MarioDS
MarioDS

Reputation: 13063

Compare object with deserialised object

I have a Swing application with a JList that works with a custom listmodel.

The model has an ArrayList to store the objects used. The situation is as follows:

Upon closing the application, all objects in the listmodel are serialized (in the default way, the class just implements Serializable), and written to a file via an ObjectOutputStream. When the application starts up, all objects are read from the file and stored in my custom ListModel again.

I'm trying to add a feature to let the user import objects too, from a file he specifies. A static method in another class reads all objects from the file, and returns them in an ArrayList. I then use the for-each loop in my MainForm class to store each object from the returned ArrayList in the ListModel. In the loop, I want to check whether the ListModel already contains a certain object, but this does not work.

In code, I'm doing the following:

for(MyObject o: readObjects) {
    if(!myListModel.contains(o)) //listmodel just calls contains() on its ArrayList
        myListModel.addElement(o);
}

However, even when the object is already in the ArrayList (I keep importing objects from the same file), they are still added.

The question is, how come objects are not equal anymore when deserialized, and is there a way to compare them anyway?

Upvotes: 0

Views: 2799

Answers (2)

Eric C.
Eric C.

Reputation: 3368

Here is a simple java object

public class MyObject {

private String firstname;
private String lastname;
private String email;

public String getFirstname() {
    return firstname;
}
public void setFirstname(String firstname) {
    this.firstname = firstname;
}
public String getLastname() {
    return lastname;
}
public void setLastname(String lastname) {
    this.lastname = lastname;
}
public String getEmail() {
    return email;
}
public void setEmail(String email) {
    this.email = email;
}

@Override
public int hashCode() {
    final int prime = 31;
    int result = 1;
    result = prime * result
            + ((firstname == null) ? 0 : firstname.hashCode());
    result = prime * result
            + ((lastname == null) ? 0 : lastname.hashCode());
    return result;
}
@Override
public boolean equals(Object obj) {
    if (this == obj)
        return true;
    if (obj == null)
        return false;
    if (getClass() != obj.getClass())
        return false;
    MyObject other = (MyObject) obj;
    if (firstname == null) {
        if (other.firstname != null)
            return false;
    } else if (!firstname.equals(other.firstname))
        return false;
    if (lastname == null) {
        if (other.lastname != null)
            return false;
    } else if (!lastname.equals(other.lastname))
        return false;
    return true;
}
}

(hashcode and equals auto generated by eclipse)

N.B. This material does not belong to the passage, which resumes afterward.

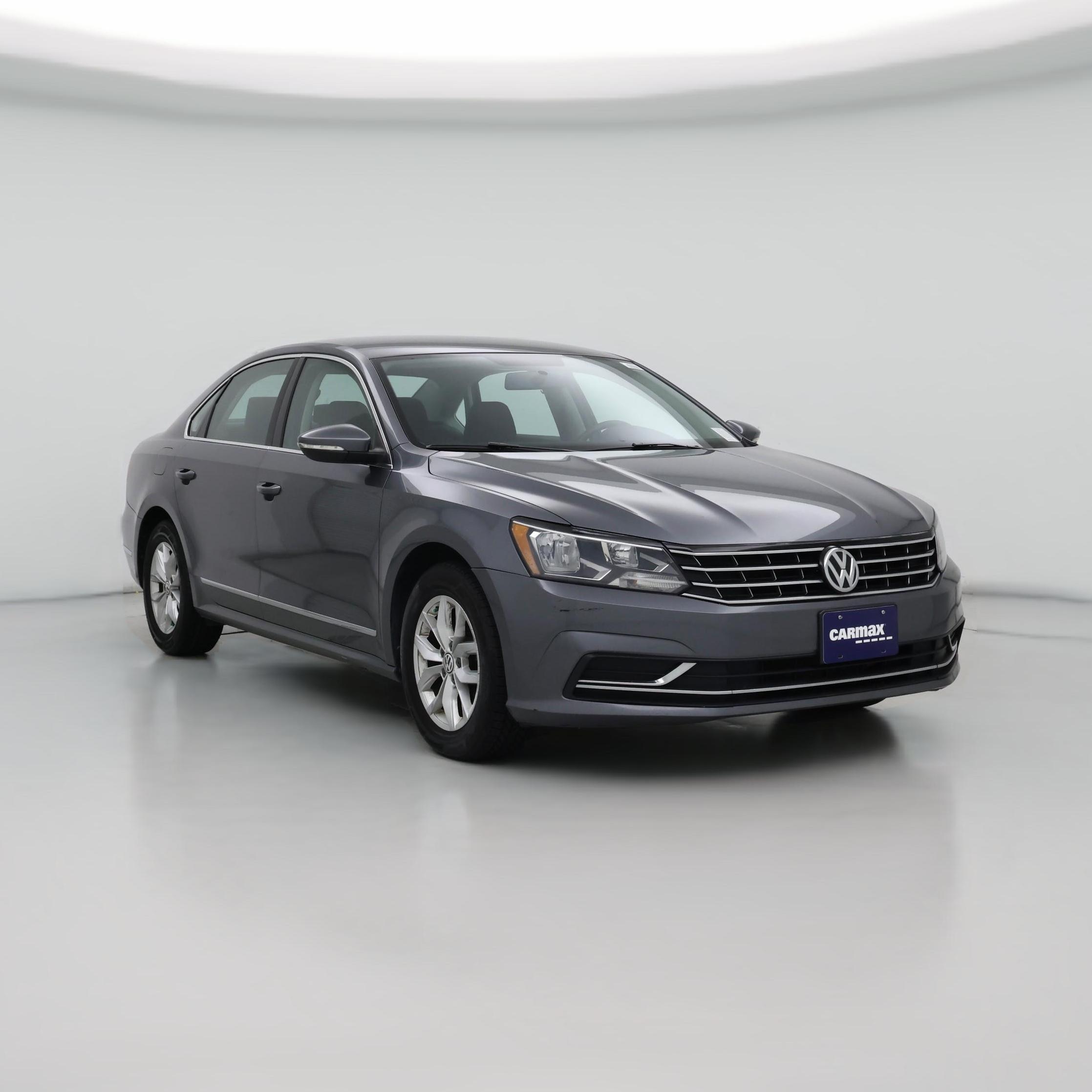 Thumbnail: 2016 Volkswagen Passat - 1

If you look at equals() method, you will see that 2 objects are compared on the fields firstname and lastname, and only those 2. This means that if you insert objects of this type in a list, you will be able to use contains(Object o) and if an object contains the same firstname and lastname, you'll find it.

Upvotes: 2

assylias
assylias

Reputation: 328578

You need to override the equals and hashcode method of your object (many examples are available on SO, for example here.

Once you have done that, the contains method of List will behave as you expect. Your problem does not seem related to serialization. In other words, the following code:

List<MyObject> list = new ArrayList<MyObject>();
list.add(new MyObject());
System.out.println(list.contains(new MyObject()));

will print false if you don't override equals & hashcode whereas it might print true if you do (depending on whether your equals method consider those 2 new MyObject() to be equals or not). Your IDE should have a way to auto generate the code for you.

Once you are happy that the contains method works as expected on your objects, serialising/deserialising should work as expected.